Connected Data landscapes: a Self-Service Knowledge Platform at Amgen

One and a half years ago we started to work with Amgen to help them improve the way they search and retrieve research data. They were looking for a solution that could aggregate and interlink their internal research data, enrich it with public data and provide an appealing, user-friendly interface for end-users.

Initially, the focus was on internal data from early research in drug development and, more specifically, gene-centric data. We started with a proof of concept project and our semantic data aggregation, as our linking and search platform DISQOVER was being installed on site.

Inside out, outside in

First, we trained the Information Sciences team at Amgen on how to configure DISQOVER. After that they started to include additional internal data sources increasingly more independently. All of this was done to solve a number of specific use cases based on search questions with internal data.

In a next phase, interest grew at Amgen to link their data to public data.
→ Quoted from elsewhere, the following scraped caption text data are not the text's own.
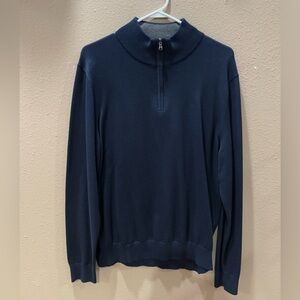 Men’s Lands’ End 1/4 Zip - Navy - Large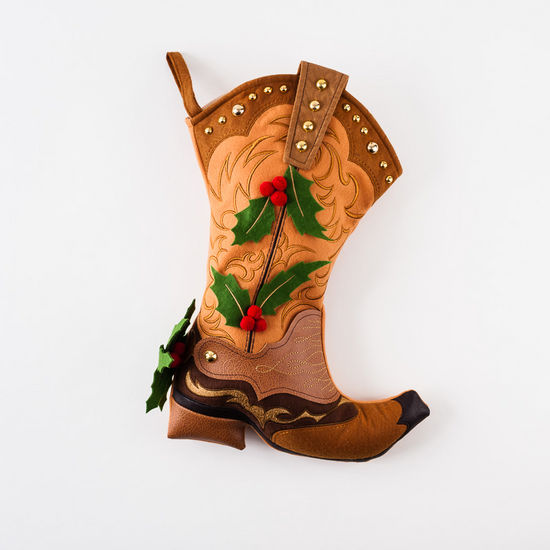 Cowboy Boot Christmas Stocking - BFF Here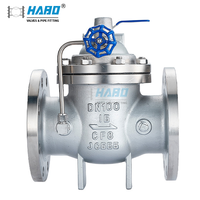 Vanne à flotteur industrielle en acier inoxydable 100X 304, vanne de contrôle automatique du niveau d'eau pour tour d'eau et réservoir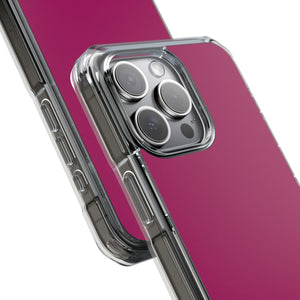 Jazzberry Jam | Handyhülle für iPhone (Clear Impact Case – magnetisch)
From that moment on, we activated the data federation functionality. This allows them to securely connect to our public DISQOVER version containing an ever-growing number of integrated and linked public data sources. In addition, internal links to other Amgen applications were made which extended the usability of their local DISQOVER installation. They branded this as ‘Gene Knowledge Discovery’ or ‘GKD’. Amgen users can now search for specific data such as internal projects or experiments and link through to other applications for re-analyzing experimental datasets (see Fig. 1).

170524_Bio-IT_World_Amgen_ONTOFORCE_co-presentation_FP_WH Fig 1

Fig. 1: Overview of how a researcher at Amgen can use GKD (Gene Knowledge Discovery) to find research data and links to internal applications and related public data sources.

The Information Sciences team at Amgen supervises the configuration of GKD themselves by managing their DISQOVER integration ontology.  This is used to decide which Canonical Types should be made visible to the users. Each Canonical Type is a collection of similar concepts that are potentially linkable to other Canonical Types. Each data source can contribute data to different Canonical Types that results in aggregated information per concept (see Fig. 2).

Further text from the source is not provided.